● WHAT TO WORK ON
Leaving out every picture, quote the data below exactly as it appears.
─── RECORDED INFORMATION
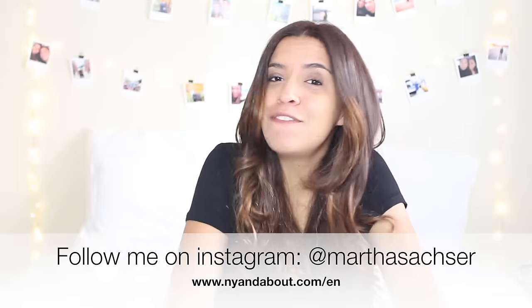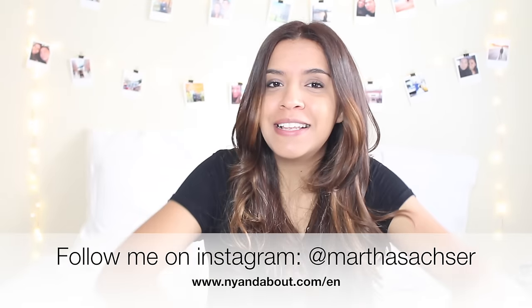I hope you guys like it. If you like this video, don't forget to subscribe and give me a thumbs up. I'll see you guys in my next video. Bye!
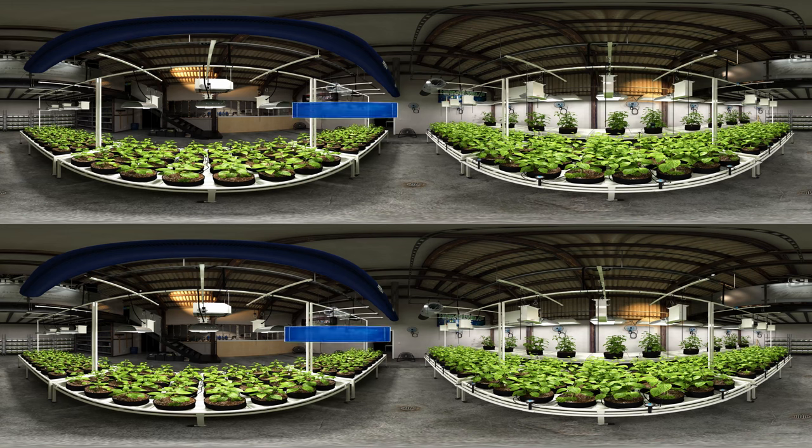All of our lights are being controlled by the Titan Controls Helios 17. Helios is the ultimate solution for controlling up to 24 1,000 watt HID lights at 240 volts. You'll get unmatched reliability with Allen Bradley Premium components.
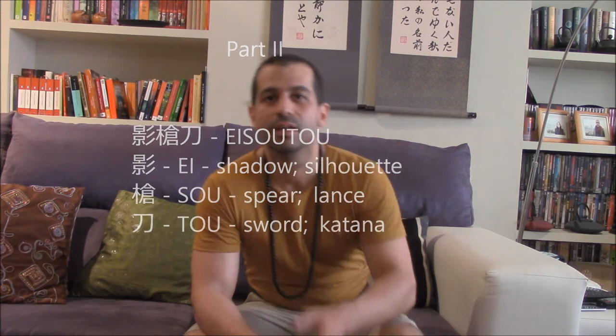Our second video of today will continue exploring some curiosities about the geometry of the katana and its use as a technique of strategy against an armed opponent. The concept we are going to study now is called eisoto. Ei comes from kage, that comes from shadow. So, that comes from yari — there is a spear — and so, for sword or katana. So it will be like the shadow of the yari and the katana.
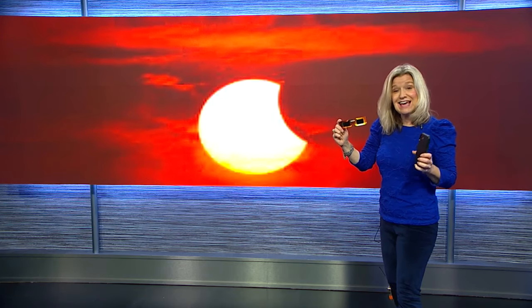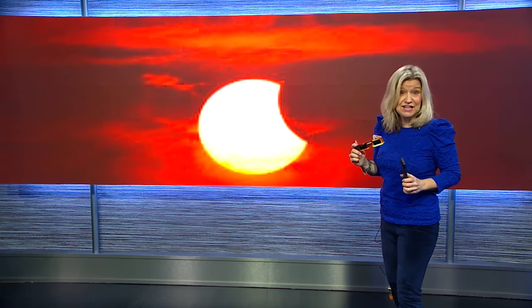Without eclipse glasses and a lens filter, photographing the eclipse could damage the sensor and your eyes.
──────
● WRITTEN RESPONSE
I hope you guys like it. If you like this video, don't forget to subscribe and give me a thumbs up. I'll see you guys in my next video. Bye!
All of our lights are being controlled by the Titan Controls Helios 17. Helios is the ultimate solution for controlling up to 24 1,000 watt HID lights at 240 volts. You'll get unmatched reliability with Allen Bradley Premium components.
Our second video of today will continue exploring some curiosities about the geometry of the katana and its use as a technique of strategy against an armed opponent. The concept we are going to study now is called eisoto. Ei comes from kage, that comes from shadow. So, that comes from yari — there is a spear — and so, for sword or katana. So it will be like the shadow of the yari and the katana.
Without eclipse glasses and a lens filter, photographing the eclipse could damage the sensor and your eyes.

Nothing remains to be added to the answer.